Bogor Times - Indonesia Police Watch (IPW) mendesak Komisi Pemberantasan Korupsi (KPK) untuk menerapkan sikap transparansi dan akuntabilitas dalam proses hukum laporan IPW terhadap Wakil Menteri Hukum dan Hak Asasi Manusia (Wamenkumham) Edward Omar Sharif Hiariej (EOH). Laporan tersebut telah disampaikan sejak bulan Maret 2023, namun hingga saat ini belum ada kejelasan penanganannya.
Edward Omar Sharif Hiariej (EOH) diduga menerima gratifikasi sebesar Rp 7 miliar dari seorang pengusaha bernama Helmut Hermawan yang meminta konsultasi hukum kepada Eddy yang juga merupakan guru besar di Universitas Gadjah Mada (UGM). Meski demikian, Eddy membantah adanya dugaan gratifikasi sebesar Rp 7 miliar yang dilaporkan oleh Sugeng Teguh Santoso.
IPW menilai bahwa KPK tidak memberikan penjelasan yang memadai kepada pelapor, dalam hal ini IPW, mengenai perkembangan laporan tersebut.

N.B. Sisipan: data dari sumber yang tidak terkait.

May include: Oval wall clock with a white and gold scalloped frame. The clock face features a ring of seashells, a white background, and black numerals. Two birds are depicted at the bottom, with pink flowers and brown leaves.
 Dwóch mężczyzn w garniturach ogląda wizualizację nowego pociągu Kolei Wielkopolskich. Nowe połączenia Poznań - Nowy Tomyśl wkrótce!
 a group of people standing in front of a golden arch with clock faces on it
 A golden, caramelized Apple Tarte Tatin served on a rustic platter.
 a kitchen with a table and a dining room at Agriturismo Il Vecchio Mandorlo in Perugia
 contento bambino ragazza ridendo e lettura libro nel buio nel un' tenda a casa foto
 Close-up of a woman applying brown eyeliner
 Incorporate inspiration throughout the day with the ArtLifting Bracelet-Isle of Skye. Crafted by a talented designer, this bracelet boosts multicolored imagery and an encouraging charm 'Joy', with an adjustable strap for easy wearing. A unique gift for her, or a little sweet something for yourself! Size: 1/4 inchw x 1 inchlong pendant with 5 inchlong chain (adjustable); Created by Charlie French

IPW juga menyoroti prinsip transparansi dan akuntabilitas kinerja KPK yang dipertanyakan oleh publik setelah kasus dugaan tindak pidana korupsi terhadap salah satu pimpinan KPK Firli Bahuri mencuat.
“KPK harus transparan dan akuntabel dalam memproses laporan tipikor yang disampaikan oleh masyarakat. KPK tidak boleh menganggap bahwa urusan penanganan kasus korupsi di KPK adalah urusan KPK sendiri dan tidak peduli pada harapan publik yang menginginkan keterbukaan,”kata Ketua IPW Sugeng Teguh Santoso dalam keterangan tertulisnya, Kamis,9 November 2023.
Sugeng Teguh Santoso menambahkan bahwa IPW juga mendengar adanya isu dihambatnya penetapan tahap penyidikan terhadap EOH oleh direktur Penyelidikan KPK Brigjen Endar Priantoro. Menurut Sugeng Teguh Santoso, Endar diduga menahan dibuatkannya laporan terjadinya tindak pidana korupsi terhadap EOH dengan alasan karena berjasa pada Polri sebagai saksi ahli.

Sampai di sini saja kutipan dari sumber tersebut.